Başbakanlık Basın Danışmanı Akif Beki, Başbakan’ın oğlu Ahmet Burak Erdoğan’ın, askerliğe elverişli olmadığına dair raporu bir askeri hastane olan Kasımpaşa Deniz Hastanesi’nden aldığını, bu konudaki raporun ilgili hastanenin kayıtlarında bulunduğunu açıkladı. Beki, raporun içeriğini kişilik hakları nedeniyle açıklamadıklarını belirtti.
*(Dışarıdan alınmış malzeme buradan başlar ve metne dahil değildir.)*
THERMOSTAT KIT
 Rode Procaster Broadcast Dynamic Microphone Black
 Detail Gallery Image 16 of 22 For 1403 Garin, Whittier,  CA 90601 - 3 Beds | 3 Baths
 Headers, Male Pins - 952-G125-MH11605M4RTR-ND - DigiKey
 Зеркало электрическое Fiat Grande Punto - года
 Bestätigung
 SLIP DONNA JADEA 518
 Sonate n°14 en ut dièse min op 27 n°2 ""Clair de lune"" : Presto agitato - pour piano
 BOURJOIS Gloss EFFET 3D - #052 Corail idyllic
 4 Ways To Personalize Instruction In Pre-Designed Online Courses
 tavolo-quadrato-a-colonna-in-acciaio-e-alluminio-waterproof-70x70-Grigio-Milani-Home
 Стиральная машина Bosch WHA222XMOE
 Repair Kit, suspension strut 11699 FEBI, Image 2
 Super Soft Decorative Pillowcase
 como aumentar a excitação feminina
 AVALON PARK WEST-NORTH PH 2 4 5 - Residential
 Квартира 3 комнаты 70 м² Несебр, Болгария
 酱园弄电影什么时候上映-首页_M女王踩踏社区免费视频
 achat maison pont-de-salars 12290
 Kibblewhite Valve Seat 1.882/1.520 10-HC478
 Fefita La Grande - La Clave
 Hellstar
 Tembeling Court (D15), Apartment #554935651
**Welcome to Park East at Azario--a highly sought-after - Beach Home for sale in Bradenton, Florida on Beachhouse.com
Raporu veren Kasımpaşa Deniz Hastanesi’nin o dönemdeki baştabibi emekli Tuğamiral Arif Vehbi Alpman ise Milliyet Gazetesi’ne yaptığı açıklamada, Erdoğan ile ilgili yapılan işlemlerde en ufak bir hata ve yanlışlık bulunmadığını anlatarak şunu söyledi: "Tüm değerlendirmeler bilimsel olarak titizlikle yapıldı. Verilen karar kesinlikle doğru ve yasaldır. Tanı konusunda hiçbir şey söylemek durumunda değilim, raporun hangi branşta verildiği konusunda da bir şey söylemeyeceğim."